The good news, as the title indicates, is that activism is intoxicating. If my secret mission in attending the affordable housing meetings was to feel better on a personal level, that mission was a success. It has been years since I felt the sense of optimism that hit me last night, and though I don’t fool myself that one affordable housing project is a panacea, it nonetheless proved to me that good things are still possible and that our situation is not hopeless. Moreover, the simple act of doing something had a curative effect on my mental state—like most people, I am better off busy, and the sense of having a mission these last two weeks acted like a shot of adrenaline to my pessimistic, guilt-ridden political brain. I was not necessary to the cause, and I knew I was not necessary, but this did not stop me from feeling infused with purpose.

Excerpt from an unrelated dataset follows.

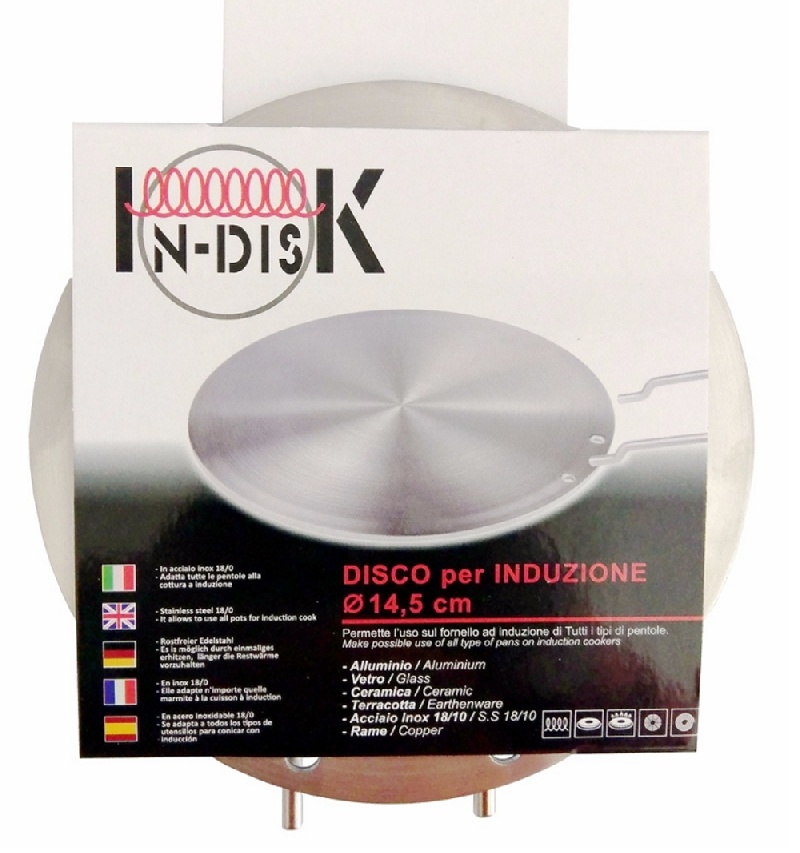 DISCO PER INDUZIONE DIAMETRO 145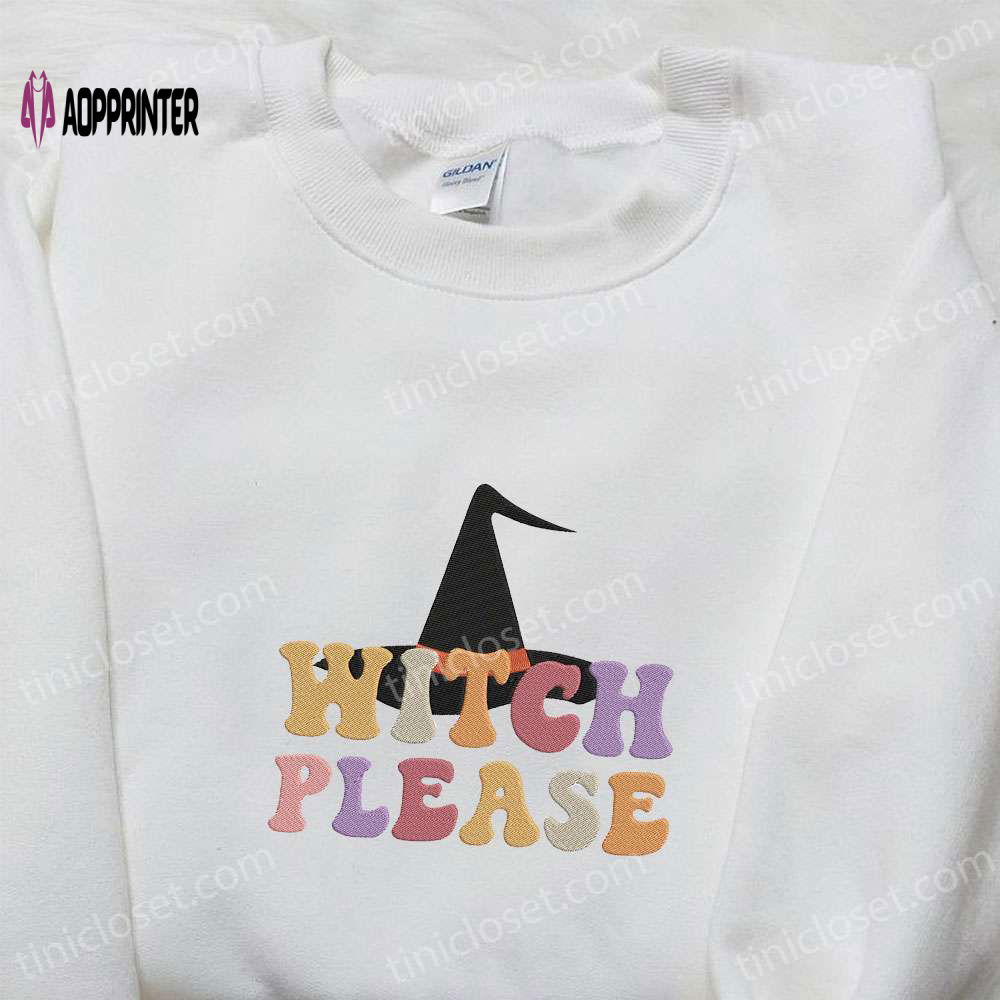 Spooktacular Witch Please Retro Halloween Sweatshirt & Hoodie: Best Gift for Halloween Spooktacular Witch Please Retro Halloween Sweatshirt & Hoodie: Best Gift for Halloween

When it comes to political activism, I don’t claim to be anything more than a dilettante. But I hope that’s changing. And what I’ve learned in the last two weeks is that becoming politically active, truly active, will serve dual purposes. First, and most importantly, it will help the people in your community who need it the most. Second, on a level that is admittedly selfish but that doesn’t detract in any way from the activism itself, it will make you feel better. You will form friendships, you will shake off your ennui, and you will make a difference.
“Self-care” is a recurring buzzword in the Trump era, and it usually refers to separating one’s self from society as a means of reducing stress, but there is a certain point at which we can no longer retreat into our private spheres of comfort while the wider world suffers without feeling that pain ourselves. There is a certain point at which the only true self-care is caring for somebody else.